AI has been the talk of the healthcare industry, garnering excitement for its potential to improve patient care, as well as concern for the need to implement it ethically. But does the technology have the potential to reduce health disparities? 

That was the question posed during a debate at the Reuters Total Health conference held in Chicago on Wednesday. The debate was between Anil Saldanha, chief innovation officer of Rush University System for Health, and Rebecca Kaul, PhD, senior vice president and chief of digital innovation & transformation at Northwell Health.

Saldanha said he takes a negative view on the topic, stating that AI isn’t there yet to reduce health disparities.

“In my opinion, it’s going to amplify for some time,” Saldanha argued. “And I don’t have a time frame when it will equalize or get better. The reason has nothing to do with AI. In general, from an industry perspective, we’re still struggling to bring health equity to our communities in everything we do in healthcare. So the job’s not complete, and now we introduce this new paradigm called AI. While AI might bring in improvements in efficiency, AI is not there to replace your doctor, for example. So in no way do I feel it’s there to help with health equity right now.”

Kaul, meanwhile, argued that what matters is how people use AI, and she believes that people are going to use it in a way that’s ethical and will close disparities.

“I think that, fundamentally, we are healthcare professionals,” she said. “We come at it with ‘a do no harm, do good’ type perspective. … It can close the gaps in terms of giving greater access to care, whether it be through surfacing information for people that maybe don’t have in-person access to care. They can start to understand more about their health conditions using AI. It can provide clinicians that are in rural communities with access to specialists.”

She added that the technology can make care more personalized and reduce language barriers. She claimed that AI has the ability to translate into over 80 languages.

Saldanha pushed back, saying that data integrity is a major challenge in the healthcare industry and that AI “is only as good as the data it’s trained on.” When AI hasn’t been fed the right data, the industry can’t expect to use it to solve disparities, he argued.

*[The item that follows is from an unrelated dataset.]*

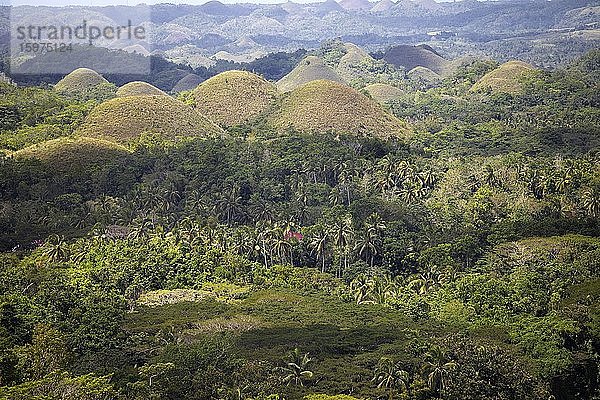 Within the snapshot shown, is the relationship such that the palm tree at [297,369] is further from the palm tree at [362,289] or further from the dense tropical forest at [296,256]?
the palm tree at [362,289]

Kaul responded that knowing that data sets often have bias “allows us to train the models, modify the models to take that bias out, and to also then find data sets to feed it to introduce the kind of diversity into the data for training purposes.”

In closing arguments, Saldanha emphasized that he doesn’t think AI is going to help with the disparities healthcare has. He gave the example of a program used in Chicago called ShotSpotter, which uses sensors to detect gunshots. The program was recently discontinued, though there are efforts to keep it in place, according to Block Club Chicago.

“The criticism of this program is that it’s invariably deployed in communities of color and neighborhoods with the most disparities,” he said. “The champions say that it can help with gun violence and prevention. The jury is still out.”

Kaul argued that it’s not about whether AI is ready to reduce disparities, but whether healthcare organizations are ready to use the technology to close gaps.

“All of the signals I’m seeing from both my own organization and the market would be a resounding yes,” she said. “There’s a lot of discussion about ethical use of AI. A lot of the use cases being brought forward are about equalizing disparities. We’re seeing governance models around making sure that there are no unintentional bad things happening in any of the use cases people are setting forth.”

The audience seemed to mostly agree with Kaul. In a poll shared at the end of the debate, 47% of the audience said that they believe AI somewhat has the potential to reduce disparities, while 42% said it significantly does. Another 11% said “no, not really.”